__Problem description__.
Exact wording is needed for every line from the one holding "Submit the form" to the end of the records below; write those lines out and omit the pictures.

__Material for this exercise__.
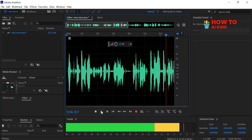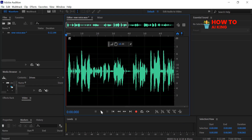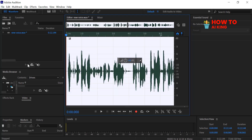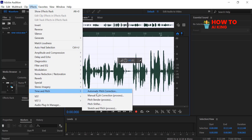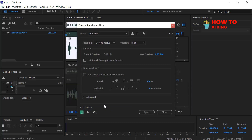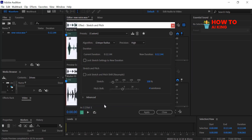Press Ctrl-A to select your audio. To change your voice pitch, go to the Effects menu, scroll down and select Time and Pitch. Click on Pitch Shifter. Adjust the Semitones slider. Play around with these settings until you find a sound you like.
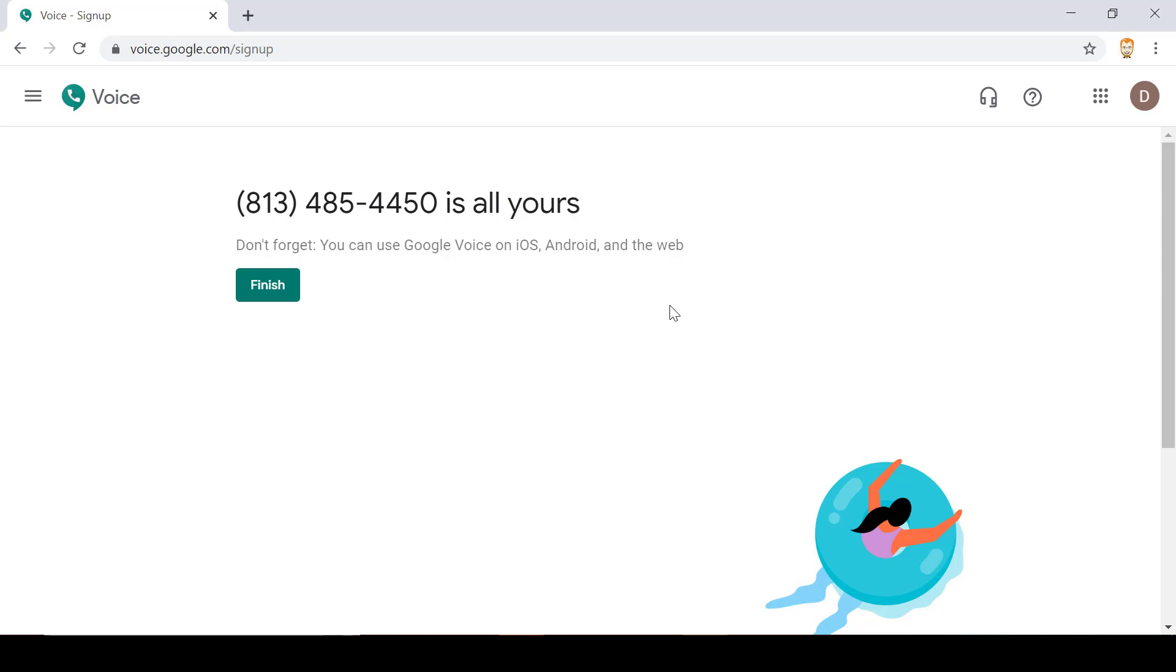In later videos I'll show you how to utilize Google Voice through the web. Thank you.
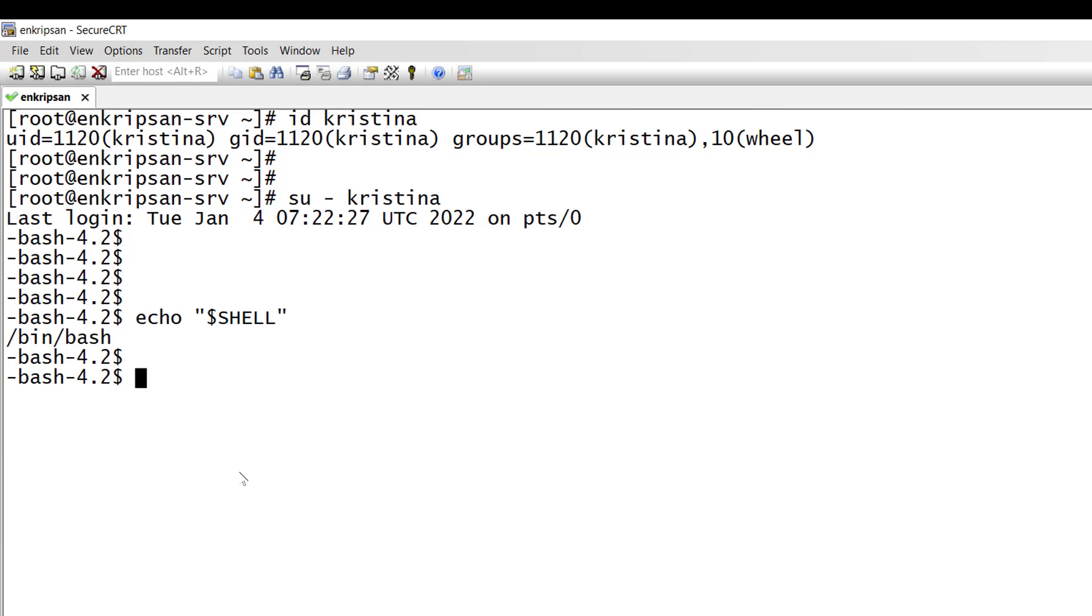Moving on, let's check in the user's home directory or root directory if the required .bash files exist. For this we can simply list all the files including the hidden in the user's root directory which is the tilde slash.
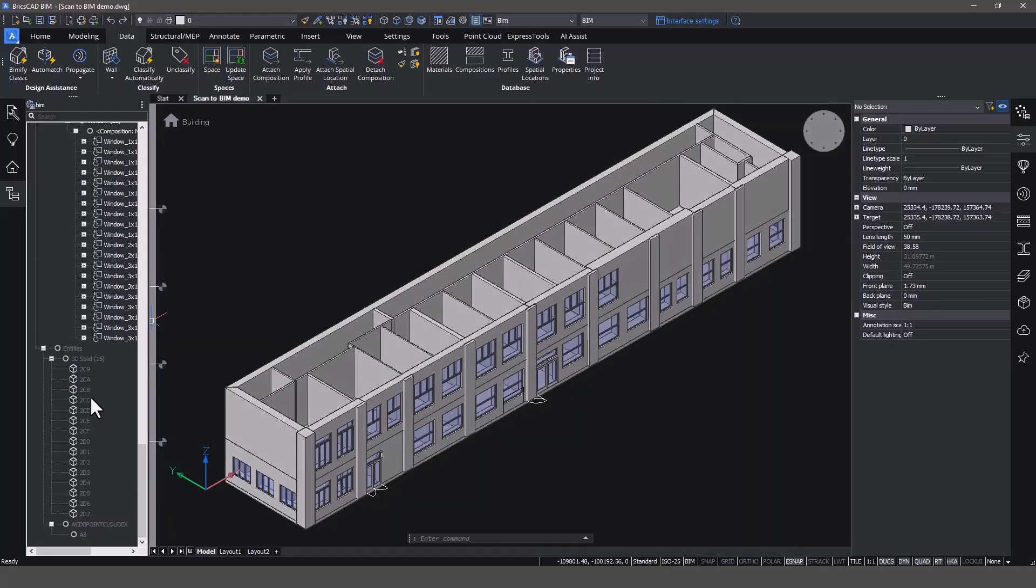BricsCAD BIM provides architects with a CAD alternative to unlock the value of point clouds in native DWG format and gives them dedicated tools to go from scan to BIM.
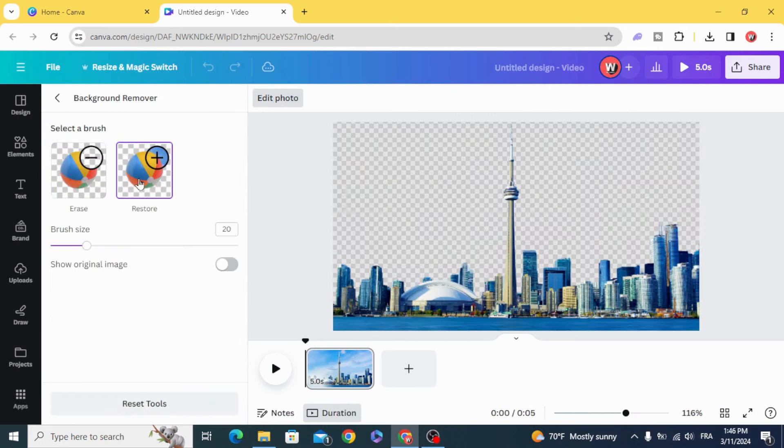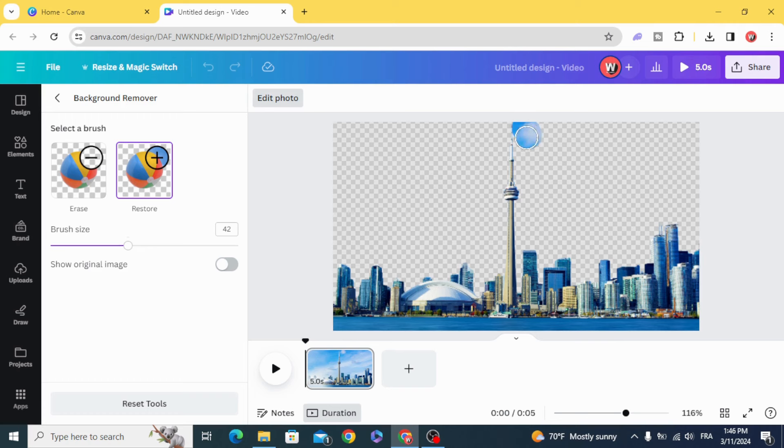Click on restore and restore all the parts in the right side of the tower.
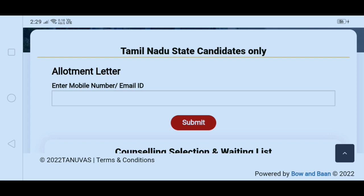Submit the form and your allotment letter will be downloaded automatically.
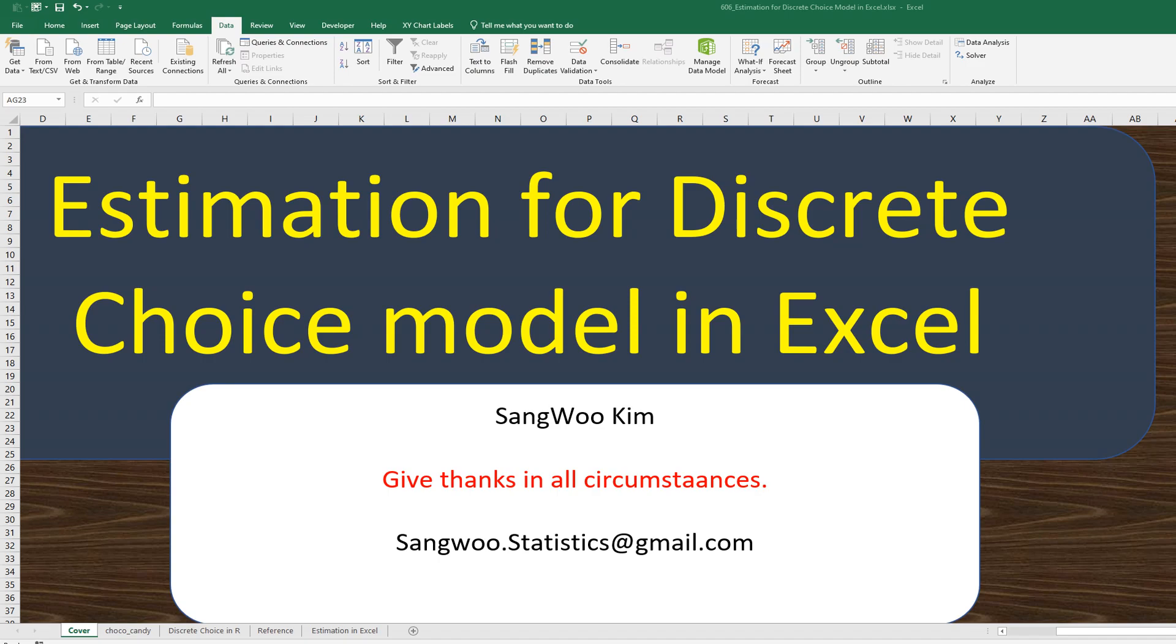I am Sang King. In the previous video, I showed you how to do discrete choice analysis in R using candy data from SES library. In this video, I would like to share how to estimate parameters for discrete choice model in Excel.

__Finished exercise__.
Submit the form and your allotment letter will be downloaded automatically.
I am Sang King. In the previous video, I showed you how to do discrete choice analysis in R using candy data from SES library. In this video, I would like to share how to estimate parameters for discrete choice model in Excel.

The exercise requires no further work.